All Australian resident investors are entitled to receive franking credits attached to the dividend of the listed company they hold shares in, but the final amount will depend on their marginal tax rate. If an investor’s marginal tax rate is below the corporate tax rate of 30% (or the lower rate, if applicable), they will generally receive a refund from the Australian Taxation Office (ATO) for the difference. However, if an investor’s marginal tax rate is above the corporate tax rate, the investor will have to pay the difference between their marginal tax rate and the tax already paid by the company. Franking credits are therefore typically seen as more valuable to investors on lower tax rates who benefit most.
If a company in Australia makes $100 profit and pays $30 of tax to the ATO (assuming a corporate tax rate of 30%), it has $70 of profit remaining after tax. Depending on the company’s dividend policy and other factors, the company could theoretically pay out the whole $70 to investors in the form of a fully franked dividend together with a $30 franking credit. An investor that is an Australian resident for tax purposes will include in their taxable income the “grossed up” amount of the dividend, ie the dividend of $70 and the franking credit of $30. Where an investor has a tax rate of 0% – such as a pensioner – they will receive a full refund of the franking credits attached to the dividend.
On the other hand, an investor with a marginal tax rate of 47% would need to pay tax on the difference between their personal tax rate (47%) and the corporate tax already paid (30%), which would be 17% on the $70 fully franked dividend and $30 franking credit, a total of $17. This example underlines the value of fully franked dividends and franking credits to investors with a low marginal tax rate, especially retirees searching for additional income in today’s historically low interest rate environment.
Perpetual Equity Investment Company (PIC) – investing for income
PIC operates as a listed investment company (LIC). A key feature of the LIC structure is the ability for the Board to declare and pay franked dividends.
PIC can earn franking credits through tax paid on realised gains in the portfolio, franked dividends received from Australian listed securities or tax paid on unfranked dividends and dividends received from global listed securities. Given the active management style of the company, the Manager can generally find numerous opportunities throughout the year to realise gains in the portfolio. This generates franking credits for the company once tax is paid on the realised gain.
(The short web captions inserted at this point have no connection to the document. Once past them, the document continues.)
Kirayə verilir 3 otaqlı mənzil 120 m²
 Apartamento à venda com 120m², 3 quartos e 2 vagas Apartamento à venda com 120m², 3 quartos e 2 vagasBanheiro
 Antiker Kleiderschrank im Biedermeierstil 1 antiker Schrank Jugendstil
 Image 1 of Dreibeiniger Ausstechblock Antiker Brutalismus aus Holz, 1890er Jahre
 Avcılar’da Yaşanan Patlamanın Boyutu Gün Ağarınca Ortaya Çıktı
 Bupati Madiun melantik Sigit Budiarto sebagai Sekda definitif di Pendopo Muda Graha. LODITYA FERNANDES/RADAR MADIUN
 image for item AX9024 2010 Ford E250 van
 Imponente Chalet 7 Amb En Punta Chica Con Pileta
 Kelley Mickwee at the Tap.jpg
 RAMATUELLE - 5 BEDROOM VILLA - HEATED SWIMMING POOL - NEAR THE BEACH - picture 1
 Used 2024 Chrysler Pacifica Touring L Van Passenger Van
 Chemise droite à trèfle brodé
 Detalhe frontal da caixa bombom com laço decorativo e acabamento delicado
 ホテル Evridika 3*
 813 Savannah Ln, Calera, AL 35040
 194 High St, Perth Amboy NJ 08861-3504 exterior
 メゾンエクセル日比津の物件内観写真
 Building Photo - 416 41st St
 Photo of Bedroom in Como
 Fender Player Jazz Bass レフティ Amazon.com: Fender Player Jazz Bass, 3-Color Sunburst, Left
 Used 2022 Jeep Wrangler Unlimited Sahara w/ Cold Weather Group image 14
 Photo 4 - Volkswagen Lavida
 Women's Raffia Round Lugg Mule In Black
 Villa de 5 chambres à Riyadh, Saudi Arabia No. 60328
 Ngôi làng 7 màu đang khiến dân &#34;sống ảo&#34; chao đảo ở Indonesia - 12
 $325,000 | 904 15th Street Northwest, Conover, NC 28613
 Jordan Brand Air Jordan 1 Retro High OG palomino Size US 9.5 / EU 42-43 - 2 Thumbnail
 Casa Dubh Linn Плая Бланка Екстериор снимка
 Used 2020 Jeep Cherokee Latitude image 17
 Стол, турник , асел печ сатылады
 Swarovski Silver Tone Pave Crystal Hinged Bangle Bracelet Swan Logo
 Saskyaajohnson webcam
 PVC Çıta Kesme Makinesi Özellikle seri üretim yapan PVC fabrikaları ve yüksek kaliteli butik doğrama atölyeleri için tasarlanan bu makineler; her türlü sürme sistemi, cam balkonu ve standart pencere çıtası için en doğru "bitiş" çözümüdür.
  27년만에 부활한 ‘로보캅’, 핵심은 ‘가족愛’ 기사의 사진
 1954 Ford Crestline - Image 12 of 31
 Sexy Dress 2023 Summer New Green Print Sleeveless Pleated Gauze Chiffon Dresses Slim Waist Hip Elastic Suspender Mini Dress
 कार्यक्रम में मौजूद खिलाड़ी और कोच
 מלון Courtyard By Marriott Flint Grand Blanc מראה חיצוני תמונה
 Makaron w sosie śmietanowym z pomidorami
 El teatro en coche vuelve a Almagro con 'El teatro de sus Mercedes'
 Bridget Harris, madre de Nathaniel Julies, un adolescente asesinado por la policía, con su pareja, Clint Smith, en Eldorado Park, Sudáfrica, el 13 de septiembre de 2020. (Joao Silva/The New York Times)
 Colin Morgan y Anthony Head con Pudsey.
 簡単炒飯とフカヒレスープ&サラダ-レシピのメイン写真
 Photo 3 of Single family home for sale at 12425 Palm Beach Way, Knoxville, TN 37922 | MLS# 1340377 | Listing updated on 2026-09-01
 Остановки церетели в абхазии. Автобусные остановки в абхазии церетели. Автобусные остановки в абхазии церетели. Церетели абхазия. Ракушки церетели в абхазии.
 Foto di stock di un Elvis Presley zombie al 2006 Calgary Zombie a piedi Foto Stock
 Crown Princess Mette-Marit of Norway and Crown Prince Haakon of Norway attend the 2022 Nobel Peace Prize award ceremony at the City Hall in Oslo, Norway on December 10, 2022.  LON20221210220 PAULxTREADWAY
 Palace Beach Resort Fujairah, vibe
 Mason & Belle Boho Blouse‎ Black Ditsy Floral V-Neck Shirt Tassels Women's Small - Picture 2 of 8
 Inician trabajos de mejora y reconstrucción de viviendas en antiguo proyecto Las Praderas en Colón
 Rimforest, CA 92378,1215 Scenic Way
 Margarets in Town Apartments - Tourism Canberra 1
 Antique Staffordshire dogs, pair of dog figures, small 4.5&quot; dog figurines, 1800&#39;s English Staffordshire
As a LIC, PIC is able to retain earnings where a profit is made and reinvest them into the portfolio or pay dividends out of profits. Where a LIC can build up both its profits and its franking credit balance, it can provide the opportunity for the Board of the company to ‘smooth’ dividends and declare more consistent dividend amounts to investors. This can also include the ability to pass on franking credits to investors so they will receive the value of the dividend itself plus the additional value associated with the franking credits attached to the dividend.